I would like to see a bit more water open up before labor day weekend, but we're in.


----------



## Stallion (Jun 19, 2008)

We are in. Looking forward to it. Called MBGFC today and there are approx. 40 boats pre-registered.

Have a very good feeling that more water will be open by mid next week.:no:


----------



## Captain Woody Woods (Oct 2, 2007)

Stallion said:


> We are in. Looking forward to it. Called MBGFC today and there are approx. 40 boats pre-registered.
> 
> Have a very good feeling that more water will be open by mid next week.:no:



That's awesome. Stop by if you're there. I'll be working one of the booths


----------



## MSViking (Oct 11, 2007)

We thought long and hard about it as we will be down there, but after factoring in everything we have decided as of now not to fish, just too little water open (now) combined with Hilton's showing closest blue water off Cuba and Venezuela (Ha Ha!). We might change our mind at last moment if conditions/water openings improve.
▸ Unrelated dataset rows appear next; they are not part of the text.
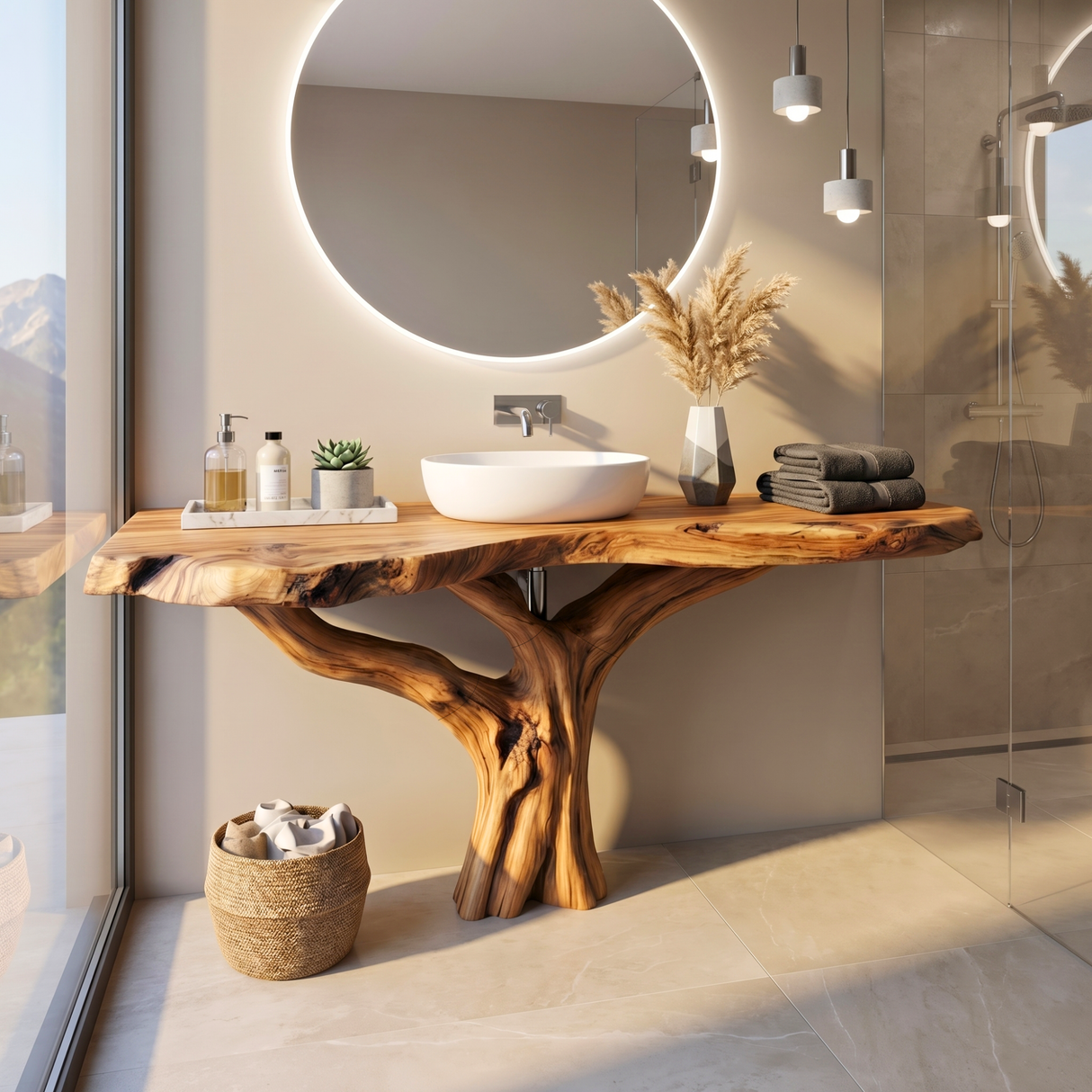 Handcrafted Solid Wood Bathroom Vanity with Sculptural Root Base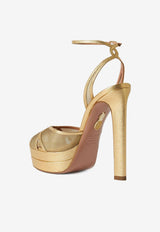Aquazzura Shear 130 Platform Sandals SSHHIGB0-RMMCA0 GOLD
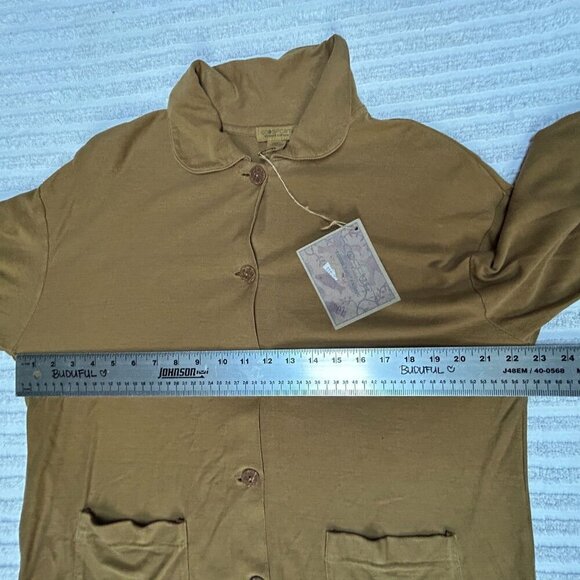 New Ecosport Womens Medium Organic Cotton Button Down Pajama Shirt Lightweight - Picture 5 of 8
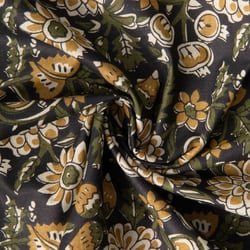 Tissu Voile de Coton indien Block print Fleuris ocre sur fond Noir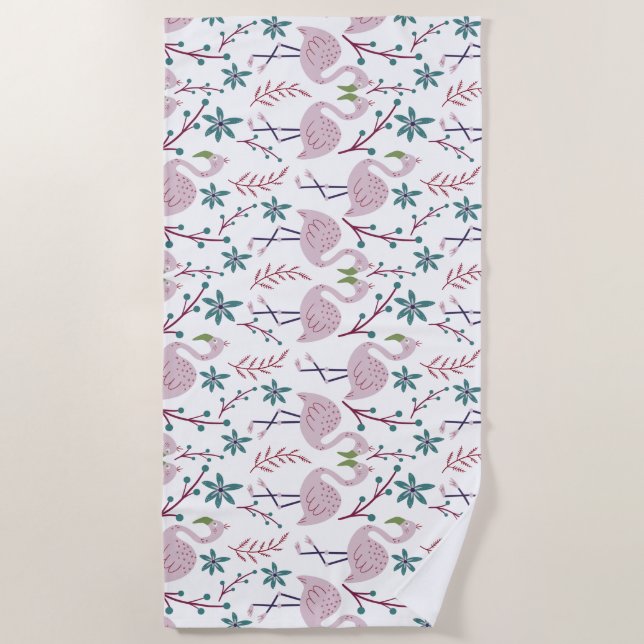 Pink flamingo seamless pattern on white background beach towel (Front)
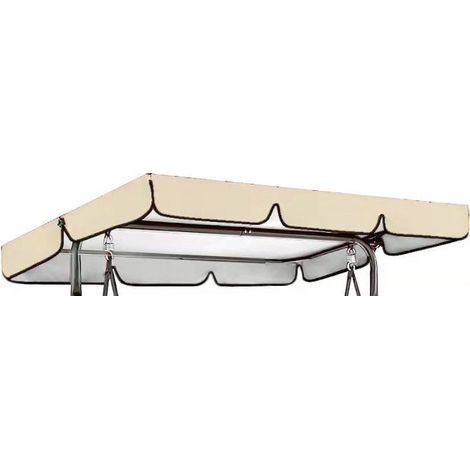 Toit de Rechange pour Balancelle de Jardin Anti-UV, Toit Balancelle en Tissu Polyester Imperméable avec Largeur de Bord 15cm Dimension164x114 cm (beige) (1/5)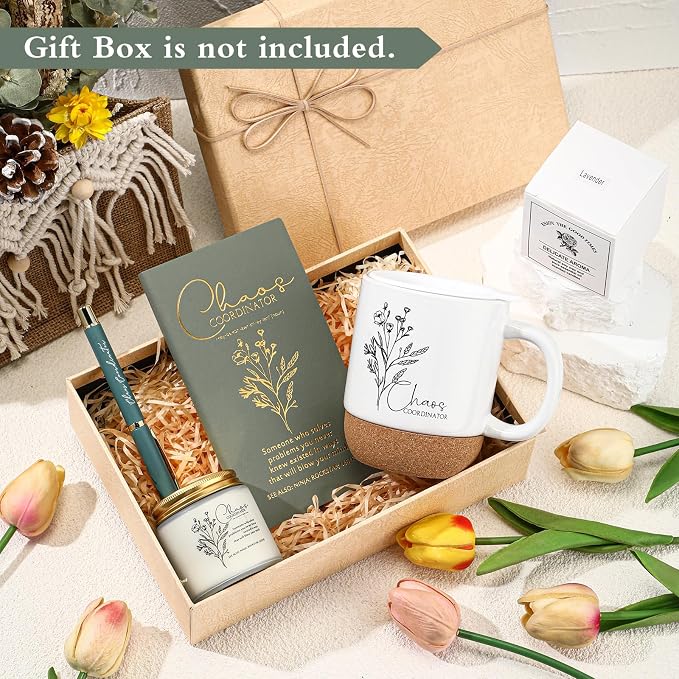 Sayglossy 4 Pcs Green Chaos Coordinator Gift Set Back to School Gift for Teachers Women Men Notebook Coffee Mug Scented Candle Ballpoint Pen for Teacher Assistant Principal Class School Staff Coworker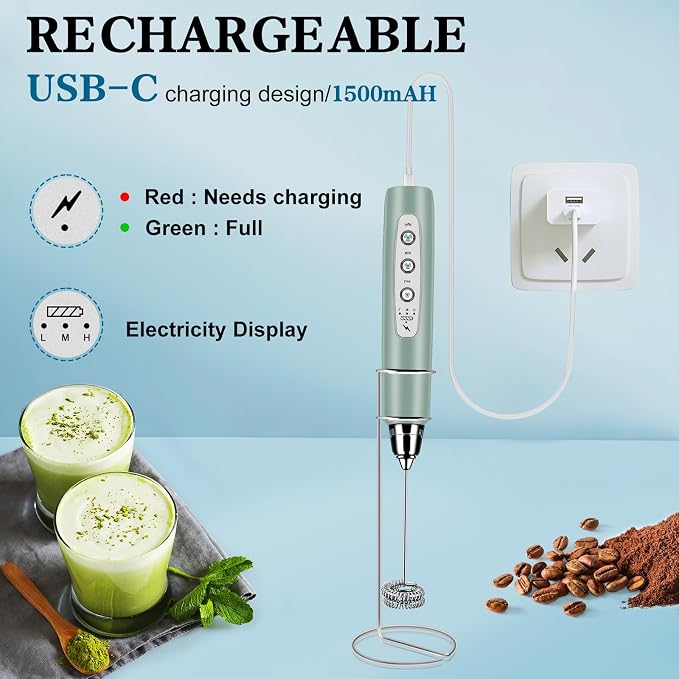 Milk Frother Wand Rechargeable Handheld Whisk Coffee 3 Speed Adjustable | Electric Whisk Drink Mixer with Stainless 3 Whisks Hand Frother , Foam Maker for Latte Cappuccino Matcha Egg Silver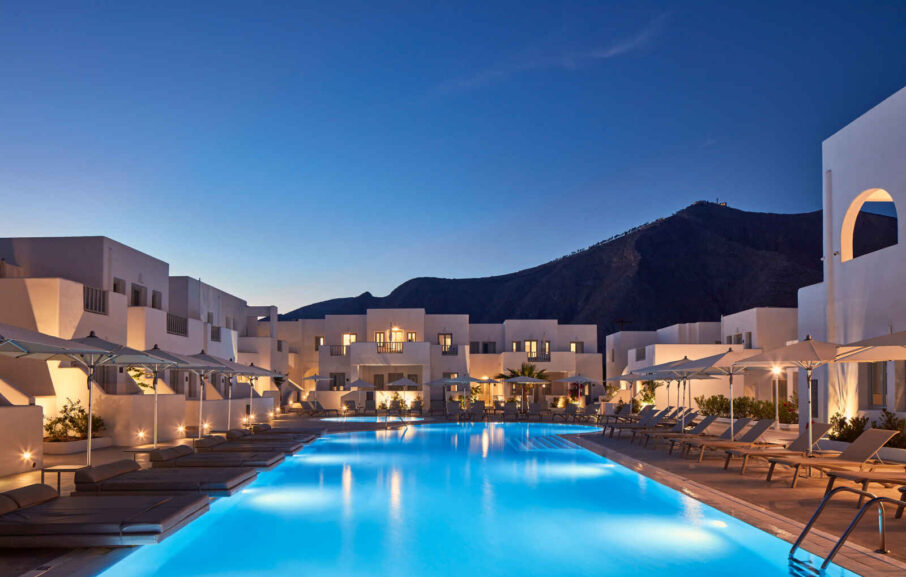 Piscine, Aquablue Hotel, santorin, Grèce.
I will try to run you down and put a face with the name and shake a hand or to. good luck if you do fish.

MSyellowfin / Robert


----------



## skindeep (May 31, 2009)

We are in.


----------



## Captain Woody Woods (Oct 2, 2007)

7 more days!


----------



## Stallion (Jun 19, 2008)

*MBGFC Labor Day tournament update*

Just received a call from a MBGFC official who just got off the phone with the head of NOAA. NOAA will be opening a significant portion of water tomorrow that according to NOAA "will make all anglers very happy." Just passing along the good news.:thumbup:

For those of you that were on the fence as to whether to fish - hopefully this will get you off. No more excuses... The weather is going to be ideal, there will be plenty of open water to fish and the bite has to be on with there being no pressure all summer. :thumbsup:

See you at the Captain's meeting, this is going to be a great tournament. By the way, I might as well just start preparing now because my work product is at an all time low!!!!!


----------



## Stressless (Oct 2, 2007)

Well, it was good RUMINT (Rumor Intelligence) :001_huh:

So far Nada from NOAA.

Stressless


----------